Por todos es sobradamente conocido que una de las principales razones por las que el uso de la inteligencia artificial se ha generalizado de forma tan vertiginosamente rápida es el beneficio real e inmediato que esta tecnología aporta a la sociedad en general.
No puede negarse que la inteligencia artificial contribuye al bienestar social, aportando beneficios en todos los sectores de la economía. Posibilita la mejora de la calidad de vida de las personas, la salud, los resultados medioambientales o las actividades sociales. Pero también acarrea grandes riesgos, como la opacidad en la toma de decisiones, la discriminación de género o de otro tipo, la generación de sistemas adictivos, la intromisión en nuestras vidas privadas o su uso con fines delictivos.
Cuando delegamos el bienestar social en los algoritmos, la primera reflexión que debemos hacer es que los algoritmos, por sí solos, no son ni dejan de ser éticos. Son las personas que los diseñan, entrenan con datos y definen sus objetivos quienes pueden determinar, conforme a sus intereses y/o propios sesgos, su funcionamiento. Y esos intereses no siempre coinciden con el interés general.
La simplificación de procesos, la mejora de las experiencias personales y profesionales en cualquier ámbito; en definitiva, la eficiencia y las capacidades de estos algoritmos pueden llevarnos a depender de ellos, inconscientes del peligro que entrañan los diseños algorítmicos que dejen fuera realidades sociales minoritarias o los modelos de aprendizaje basados en información asimétrica que distorsionen, de forma aparentemente óptima, la toma de decisiones.
Todo esto puede conllevar situaciones distópicas indeseables en sociedades democráticas avanzadas como la nuestra, sociedades que conformamos las personas. Y este enfoque humano no podemos perderlo de vista si no queremos que la inteligencia artificial se convierta en una revolución tecnológica que nos haga, paradójicamente, involucionar como sociedad.
En el lado más extremo de esta revolución, ya desde hace algunos años existen voces y corrientes de pensamiento que pronostican la transformación de la condición humana mediante el uso de tecnologías avanzadas que ayudan a mejorar y superar las limitaciones humanas.
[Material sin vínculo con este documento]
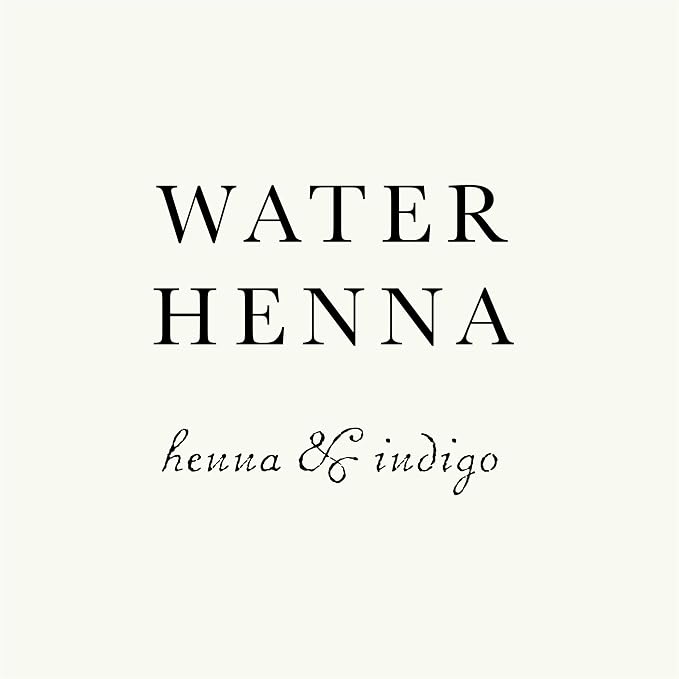 Brown (Henna+Indigo)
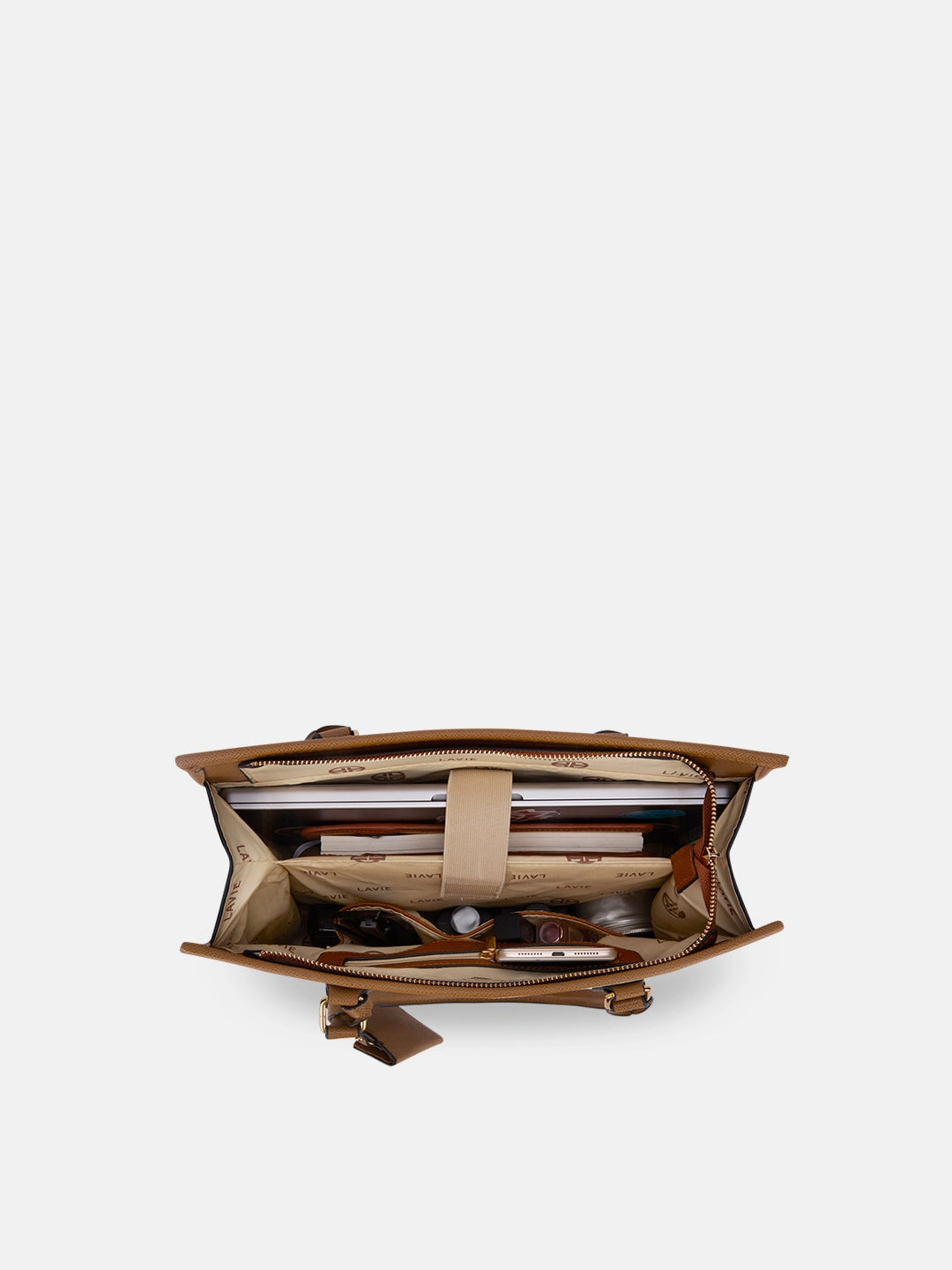 Quad25 Pro Large Handbag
Es el movimiento intelectual denominado transhumanismo, que afirma la posibilidad de mejorar la condición humana haciendo disponibles tecnologías para eliminar el envejecimiento y mejorar de forma relevante las capacidades intelectuales, físicas y psicológicas humanas, con planteamientos incluso de inmortalidad. Esto nos lleva a preguntarnos: ¿dónde está el límite?
Por ello, es de importancia capital que la inteligencia artificial se construya no solo desde la eficiencia o la legalidad, sino desde la ética, proporcionando el marco de valores y principios que deben guiar las acciones para mejorar el bienestar social, la salud, la felicidad y la calidad de vida de las personas. Debe ser justa, diseñarse conforme a los criterios éticos instaurados en nuestras sociedades democráticas y de forma transparente, permitiendo así la rendición de cuentas.
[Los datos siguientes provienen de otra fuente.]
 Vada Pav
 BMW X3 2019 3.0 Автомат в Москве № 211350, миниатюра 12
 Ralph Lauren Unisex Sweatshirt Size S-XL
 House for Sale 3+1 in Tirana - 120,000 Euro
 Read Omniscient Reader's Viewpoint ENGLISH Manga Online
La ética debe, asimismo, servir como base para el derecho, siendo parte intrínseca del mismo. En este contexto, la normativa que regula el uso de la IA debe elaborarse con el fin de garantizar el orden social, económico y ético de nuestra sociedad. En eso es donde, con más o menos acierto, pone el foco el Reglamento Europeo de Inteligencia Artificial, regulando la IA desde la óptica de los riesgos que los usos de esta tecnología conllevan para los derechos fundamentales y los valores de la UE.
Al menos en el entorno de la UE, y sin perjuicio de la complejidad regulatoria que domina esta jurisdicción, parece que hay esperanza y se puede avanzar e innovar de forma ética y responsable. No debemos bajar la guardia. La formación, la sensibilización, la concienciación y el debate constante son palancas clave para seguir en esta línea.